That’s a brilliant brand name.

Mark Wright: 

Yeah. I owned a successful hair and beauty product business. One of the biggest sellers of Davines shampoo, which will mean probably nothing to most of the people unless they’re hairdressers in here, it was called Luxurious Look. Now I believe that it needs to be simple. Most successful business people I’ve ever met can take complex systems and knowledge and make it easy for the consumer to understand.

So that’s step one. Step two is surround myself with great people. I understood I had limitations in my business that I was good at certain elements and horrendous at others. And I hired people to compliment what I didn’t do well, rather than trying to fine-tune what I did badly and get better at it. I just forgot that, put it in the bin, and hired people who were actually good at it and I could focus on the things I enjoyed doing. And then I create this almost, I don’t wanna use the word cult, but I will cause I can’t think of a better word right now.

I create a cult-like atmosphere with my employees and my customers that we are better than everyone else that doesn’t use this business. And I would give a little speech to my employees about, I’m a football fan, I enjoy football. You have just got on the pitch at Real Madrid. How long you’re on the pitch is up to you and what you do here for our customers. I’ve got people in my LinkedIn waiting for your job, my friend.

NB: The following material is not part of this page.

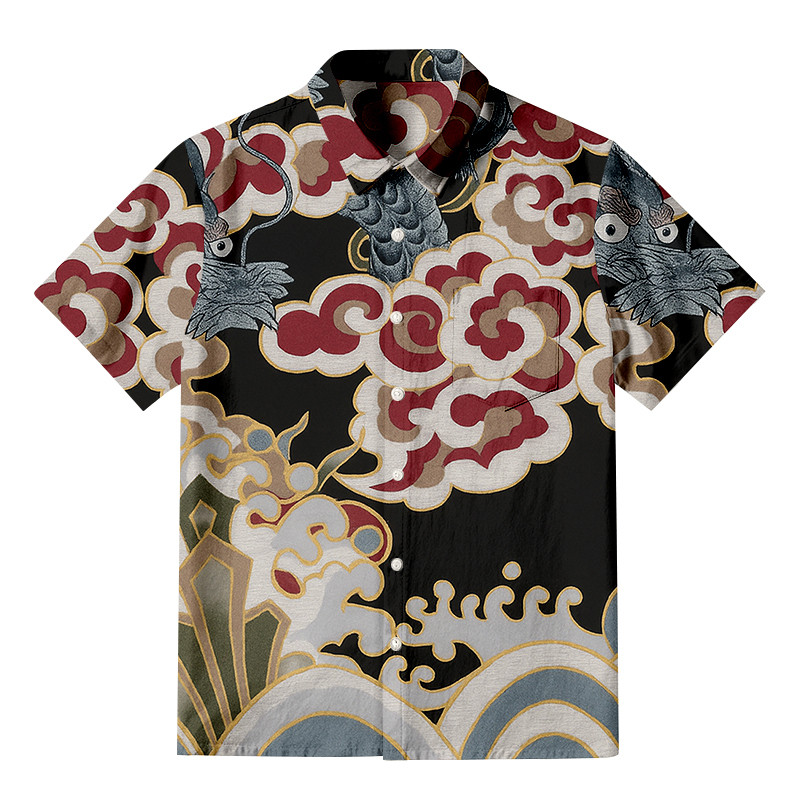 Ikyus Dragon Button Up Shirt Japanese Inspired Design Vintage Style Shirt Ideas Gifts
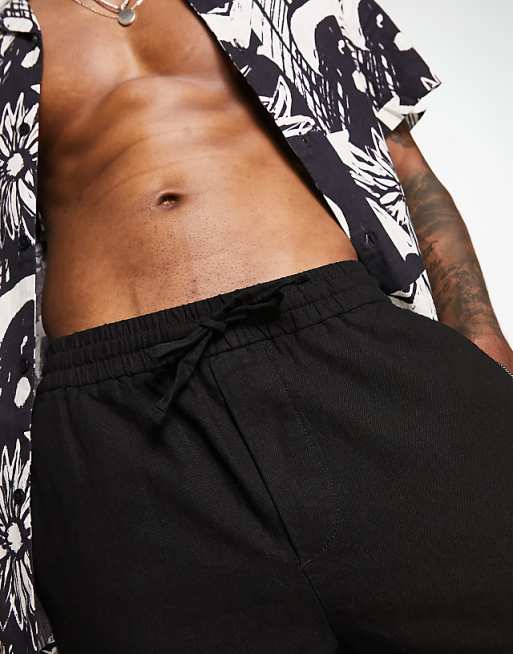 Asos ONLY & SONS Linen Mix Cropped Trouser In Black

So you better work hard, you better provide great service to our customers and you will stay on that pitch. And if your name on my CV, you’re gonna have any job you want after here, but we are gonna make a lot of success together as long as you are here. And you could sort of see them like I’ve never been spoken to like this. Then I do another thing. So each point of reference in my business, when you’d get a certain milestone, you would get a certain piece of clothing as an employee. So after one year, I stole this from Sons of Anarchy. Don’t tell anyone. It’s like if you join…

Adam Stott: 

I love Sons of Anarchy.

Mark Wright: 

Yeah. If you join a motorbike cult after one year, you get a cut, a thing. So I was like, I’m stealing that. So after one year, in front of the whole company, you get this specific jacket. And I created so much buy-in about this jacket that people would not leave this company because they wanted this jacket. It meant more than a pay rise. It meant more than money.

We would stop the company and I would put the jacket on the employee in front of the whole company and we would say things like, you know, people have reported that when this jacket touch, you know, like their penis grows, it’s like, it’s crazy. Like all their wealth grows, their confidence grows, you know, the reports are crazy. That happens once you have like, it was all fun and games and whatever, but what it meant to people…

Adam Stott: 

[23:01] Mark.

Mark Wright: 

Oh, exactly. I mean, it was like a 15 quid jacket from the internet and everyone just wanted this jacket and we started having people apply to work for me who just wanted the jacket. And they just wanted to do these certain things and I really looked after the staff. I took them to Vegas four times, Dubai, twice, all sorts of stuff. And what I really understood is I’ve never met a millionaire or a billionaire who owns a hundred percent of their company. People understand to be successful, you cannot go on your own. You can go far when you go together. And I gave away equity in my business to key people.

When I got someone good and I found someone good, I gave them a slice of the action. That meant them stopping hounding me for pay rises all the time. And it meant they would work their socks off to drive my reputation and the companies forward. When I just sold two weeks ago, I made about five people multimillionaires and that feels really good. That felt better than me making that money. I’ve changed a lot of people’s lives and when they invite me to their house for a barbecue and they own two houses and all of this stuff, that means more to me than the money I made myself bringing other people on that journey.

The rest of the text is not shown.